公開日:2026年2月3日 07:00 更新日:2026年2月3日 08:12

 先週のシルクロードSはハンデ戦らしい大波乱の結果。京都芝6F芝は内回りコースで、直線が短く、前半のダッシュ力とスピードの持続力が結果を左右しやすい舞台だ。過去の傾向からサンデーサイレンス系は不振で、人気薄の伏兵が台頭するケースが目立つレースでもある。人気薄の激走が多いのは、ハンデ戦での上積みと展開のバラつきが大きいことにも起因しているのだろう。

 今年も①着に16番人気のフィオライア、②着に6番人気レイピア、③着に9番人気ヤマニンアルリフラが入り、上位はことごとく人気薄で占められた。1番人気のロードフォアエースは⑨着に敗れ、人気と配合の評価が噛み合わない結果となった。

 勝ったフィオライアは父ファインニードルで母の父サクラバクシンオーというピュアスプリンター。スタートはそこまで速かった訳でないが二の脚でハナに立つとそのまま押し切った。これで昨年のエイシンフェンサーに続いて5歳牝馬のファインニードル産駒が勝利。産駒は父同様の晩成タイプが多く、ダート寄りの馬出すよう冬の荒れ馬場も苦にしない。今後もこのレースで狙って面白い種牡馬かもしれない。

 ②着レイピアはタワーオブロンドン×エンパイアメーカーで母の父の米国型血統でパワーと持続力を補完したスプリンター。サンデーの血を全く持たないだけにこの舞台も良かったか。近走は差す競馬が板についてきており、今回も上がり3Fは33秒2で突っ込んできているのだが、勝ち馬に逃げて33秒5の脚を使われては仕方なし。ただ、差しに回ってからはレース内容が安定しており、近いうちにチャンスは回ってきそう。

 ③着ヤマニンアルリフラは最近勢いのあるヤマニンパピオネの子。半兄ヤマニンウルスはダートの重賞勝ち馬だが、弟は父イスラボニータで芝向きだ。小倉の北九州記念も制したように小回り向きのタイプでもある。SS系でもイスラボニータはマイラー寄りで小回り適性はあるが、純スプリント血統との比較では分が悪かったか。

 ちなみに、上位3頭に父、もしくは母の父にミスプロ系。特に⑤着ヤブサメもファインニードル産駒で①③⑤着馬がエンドスウィープ(フォーティナイナー系)の血を持ってたことは覚えておきたい。
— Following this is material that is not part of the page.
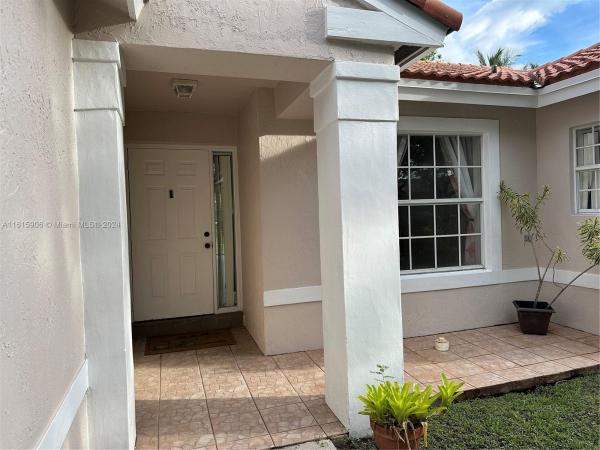 Trilogy, 13030 SW 20th St, Miramar, Florida 33027, image 2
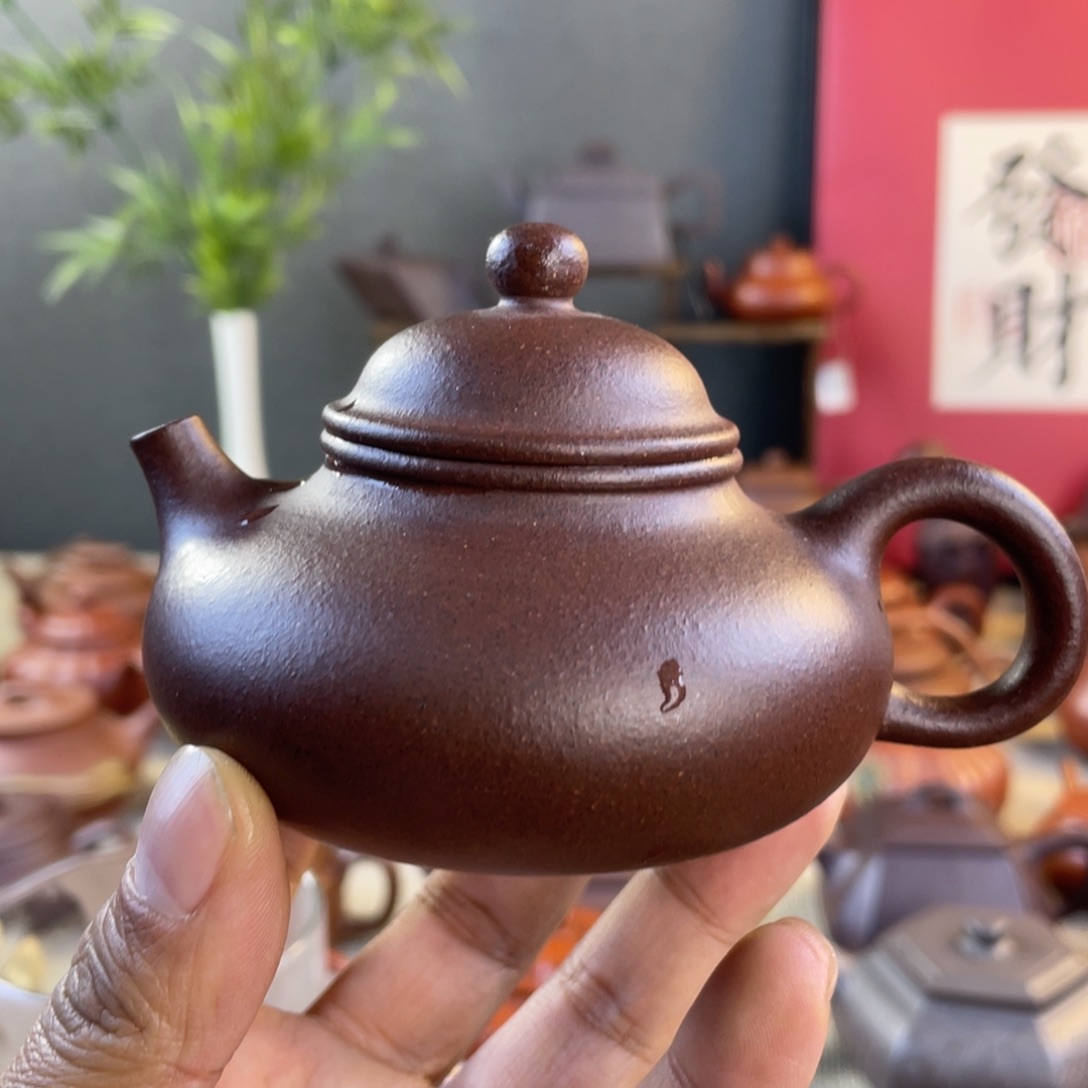 紫砂茶壶424548534646484245458454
 ④着カルプスペルシュは2番人気。父シュヴァルグラン、母の父ロードカナロアという配合で、スタミナ寄りの父に母系でスピードを補った形だが、本質的には一瞬の加速力よりも持続力型。流れ自体は悪くなかったものの、直線の短い京都では決め手比べでやや分が悪かった印象だ。上位と差のない④着だけに内容は悪くなく、もう少し直線の長いコース、もしくは時計のかかる馬場なら着順は入れ替わってもいい。

 一方、本命に推したロードフォアエースは⑨着。父ロードカナロア自体はスピード型として条件合致と考えたが、位置を取りに行った分、やや行きたがった印象。それが最後の粘りに響いたか。あと、結果論にはなるのだが、ストームキャットにインリアリティとスピード寄りのクロスが多く、勝っているレースは高速決着も多い。冬場のタフな馬場より時計の速い馬場の方が合うタイプなのかもしれない。その辺は次走以降でしっかりと見極めていきたい。

 全体として、今年のシルクロードSは父ファインニードルやタワーオブロンドンといった芝スピード×持続力血統の短距離型が上位に入った。人気薄でも展開と血統の噛み合わせさえハマれば、ハンデ戦は何が起きるか分からないことを改めて思い知らされた一戦だった。

根岸Sはロードカナロア産駒の3連覇

 東京で行われた根岸Sがロードカナロア産駒のロードフォンスがV。昨年②着の雪辱を果たす結果となった。ちなみに、根岸Sは一昨年がエンペラーワケア、昨年コスタノヴァとカナロア産駒が勝っており、産駒は3連覇。やはり最近の東京ダートでカナロア産駒は侮れない。フォンスは母の父がダイワメジャーでパワーとスピードを兼備したタイプ。昨年はマイルの武蔵野Sで⑤着だったように、距離は今回の千四ぐらいまでがいいタイプだろう。

 ②着バトルクライは父イスラボニータ、母の父キングカメハメハという中距離色の強い血統。一見すると芝向きだが、祖母の父ブライアンズタイム、曾祖母の父ブレイベストローマンが砂適性を支えている。スピードの質と持続力のバランスが条件に合致した。人気薄ながらも上がりをしっかり使い、展開の妙も絡めて②着に飛び込んだ。

 ③着ダノンフィーゴは父イントゥミスチーフ×母の父キャンディライドの配合。米国型でいいスピードを持っている。負けたとはいえ、重賞初挑戦でこの内容なら上々。強い4歳世代の1頭して力を付けてくる可能性は十分ありそうだ。

 1番人気インユアパレスは⑧着に敗れた。父パレスマリス×母の父ディープインパクトという配合はやや芝寄りの印象も。前2走の連勝に3勝クラス勝ちも不良、稍重の湿った馬場。良馬場よりも脚抜きの良い湿ったダートに方がいいタイプかもしれない。

亀井辰之介

 競馬好きの父親の影響もあり、子供のころから競馬中継を一緒に観戦。最初は父親が馬券を当てるともらえる臨時の小遣いが目当てだったが(ただし、父は穴党だったため、あまり的中した記憶はない……)、ある日、シンボリルドルフといういかにも強そうな名前の馬が、強く勝つ姿に魅入られたのが競馬ファンになったはじまり。
 その後はテレビゲームの競馬ソフトにどっぷりハマり、今までに遊んできた競馬ゲームは数知れず。その時に競走馬の配合の奥深さを知り、血統に興味を持ったのが今の予想スタイルの根幹か。現在でもたまにゲームをたしなみ、好きだった競走馬の産駒を活躍させることが小さな喜び。
 予想スタイルはもちろん“血統”。各馬の血統を分析。得手、不得手を見極め得意条件に出走する時に狙い撃ち! 好配当を目指します。